### Exercise objective
Look through the data that follows and copy each line with the string "Thinking".

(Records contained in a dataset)
• • •

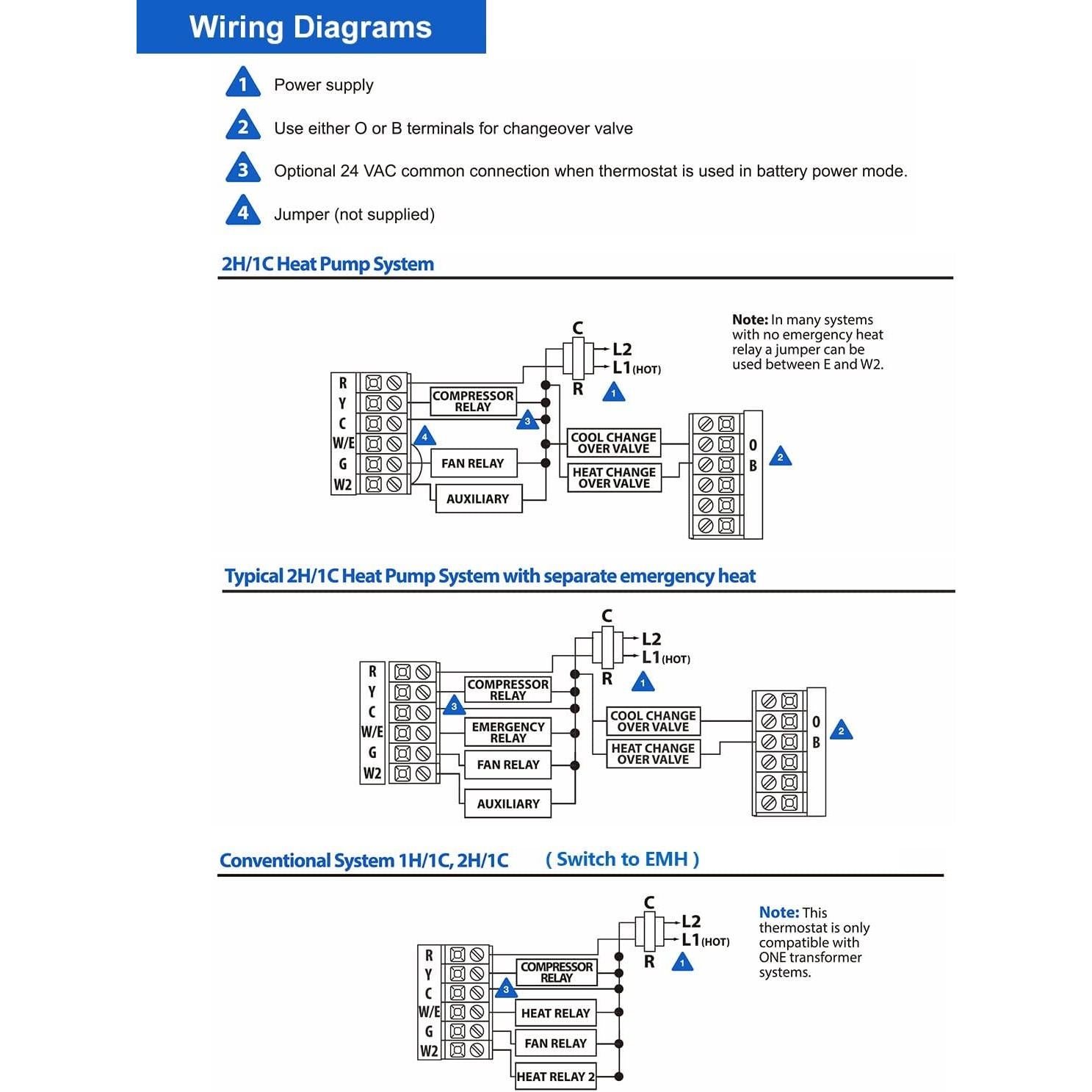 Termostato Heagstat H721 No Programable 2 Calefacciones 1 Refrigeración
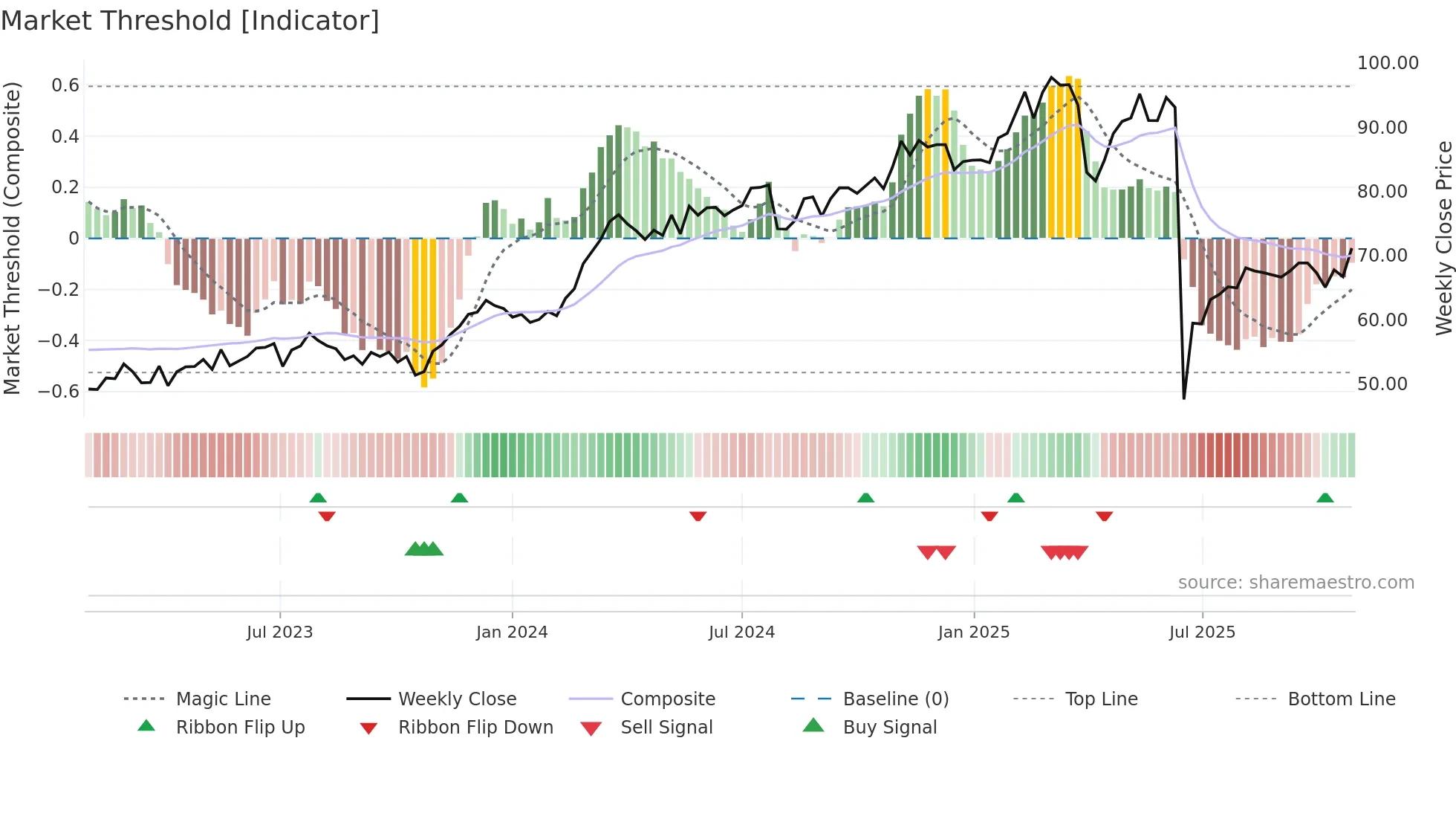 HOLN weekly Market Threshold chart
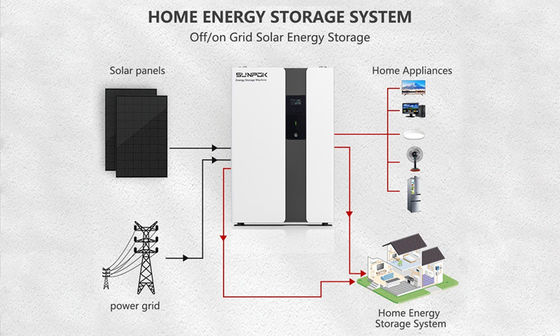 All-In-One Energy Storage System 5Kwh 7Kwh 10Kwh Built-In Inverter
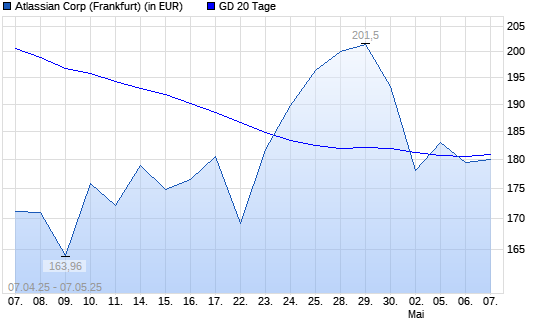 Atlassian-Aktie unter 20-Tage-Linie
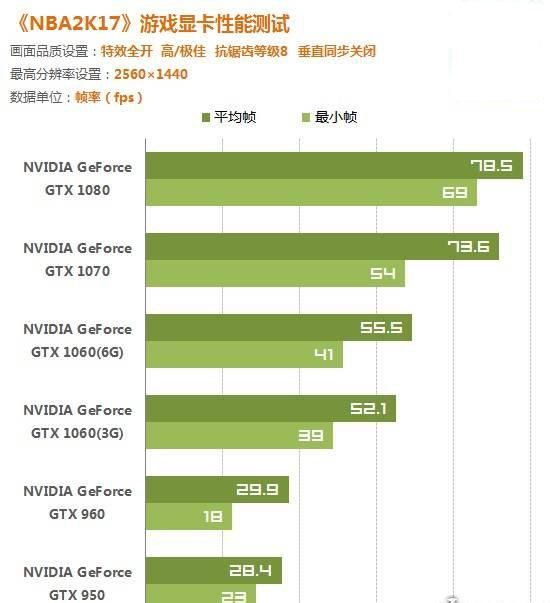 nba2k17电脑游戏配置(nba2k17游戏上手体验)图5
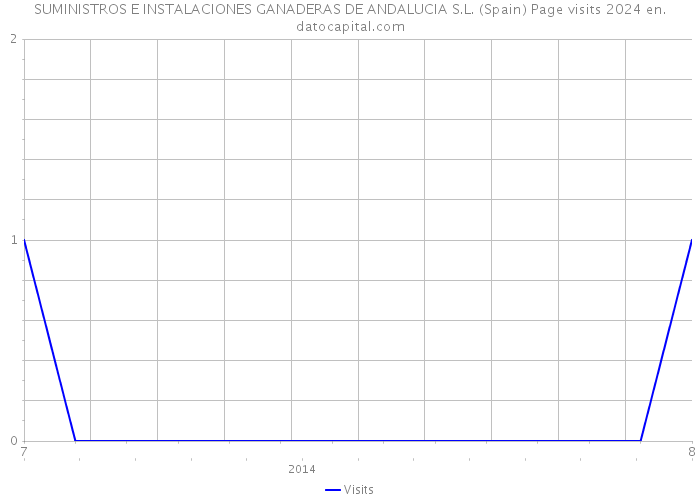 SUMINISTROS E INSTALACIONES GANADERAS DE ANDALUCIA S.L. (Spain) Page visits 2024 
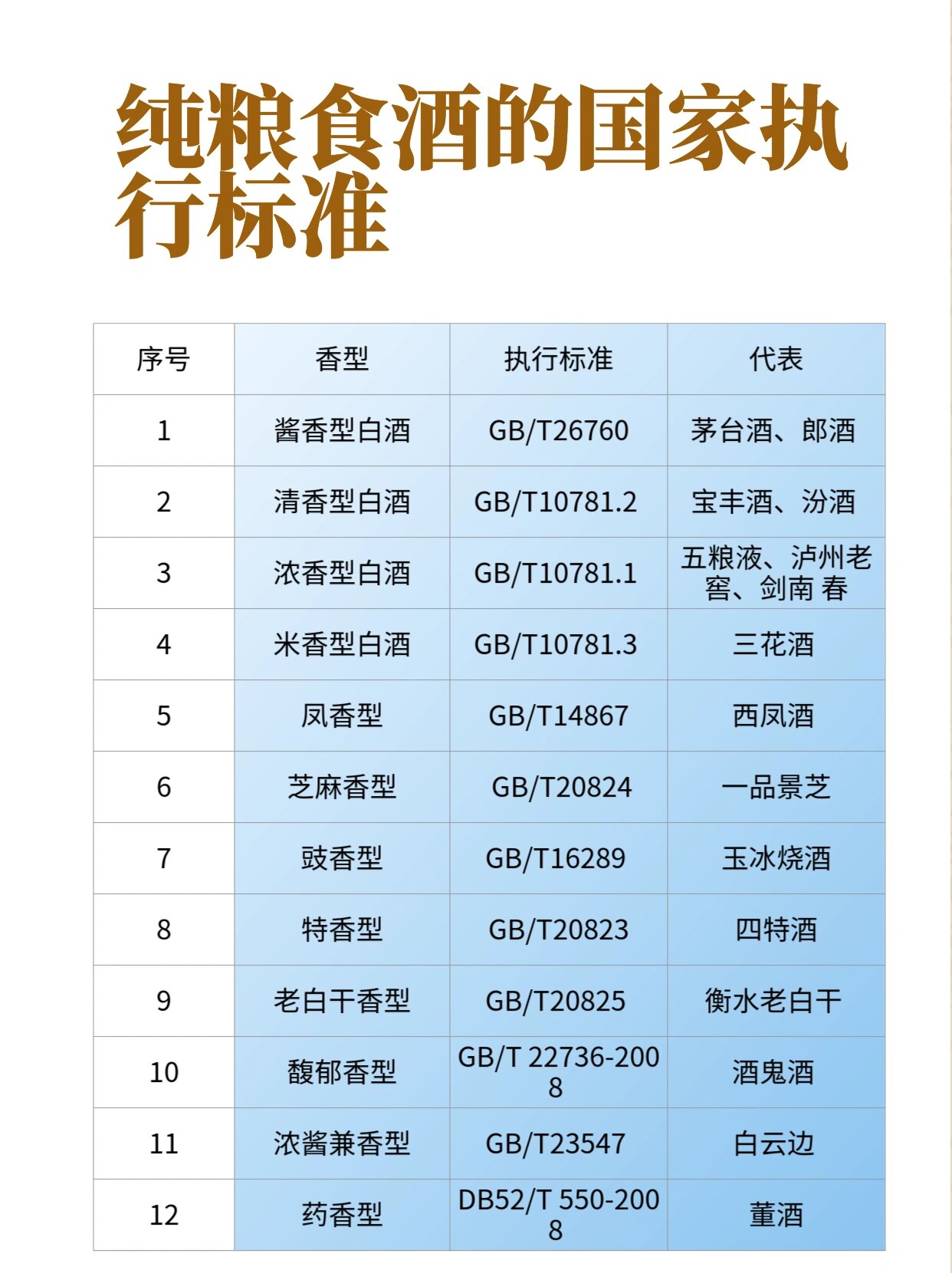 我国纯粮食白酒国家执行标准有哪些?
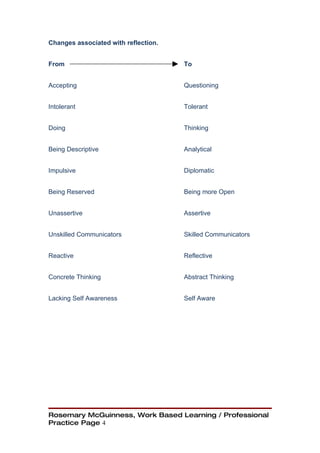 Changes associated with reflection.


From                                  To


Accepting                             Questioning


Intolerant                            Tolerant


Doing                                 Thinking


Being Descriptive                     Analytical


Impulsive                             Diplomatic


Being Reserved                        Being more Open


Unassertive                           Assertive


Unskilled Communicators               Skilled Communicators


Reactive                              Reflective


Concrete Thinking                     Abstract Thinking


Lacking Self Awareness                Self Aware




Rosemary McGuinness, Work Based Learning / Professional
Practice Page 4
 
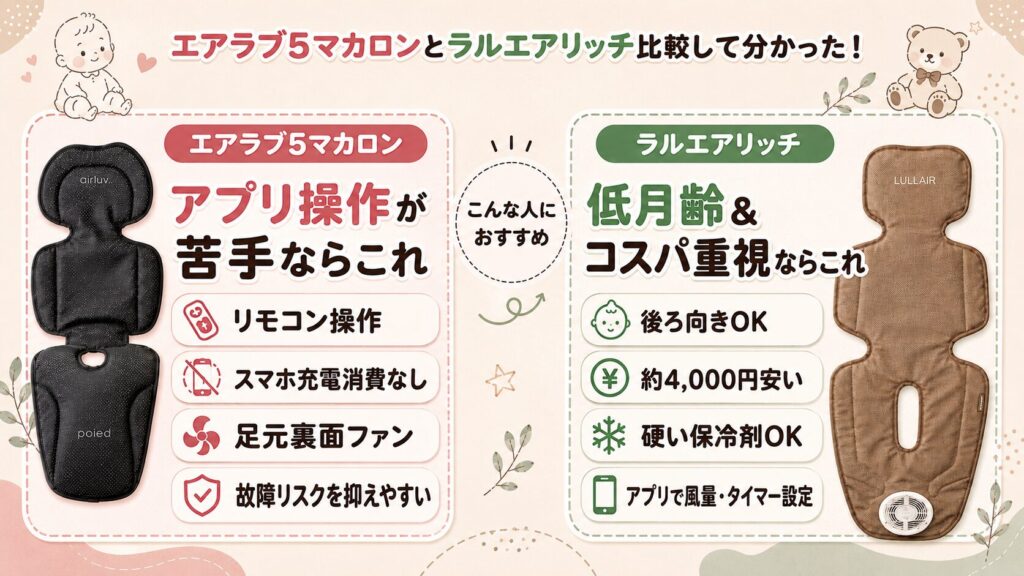 エアラブ5マカロンとラルエアリッチの違いを比較して分かった！それぞれこんな人におすすめ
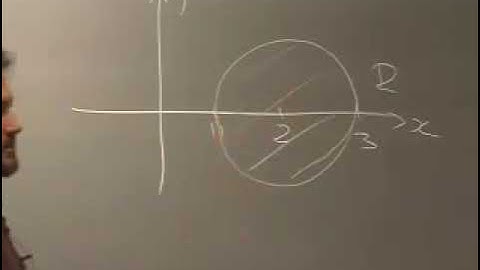 Lec - 15 |  Multivariable Calculus | Princeton University - Adrian Banner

• • •

### Expected answer
Doing                                 Thinking
Concrete Thinking                     Abstract Thinking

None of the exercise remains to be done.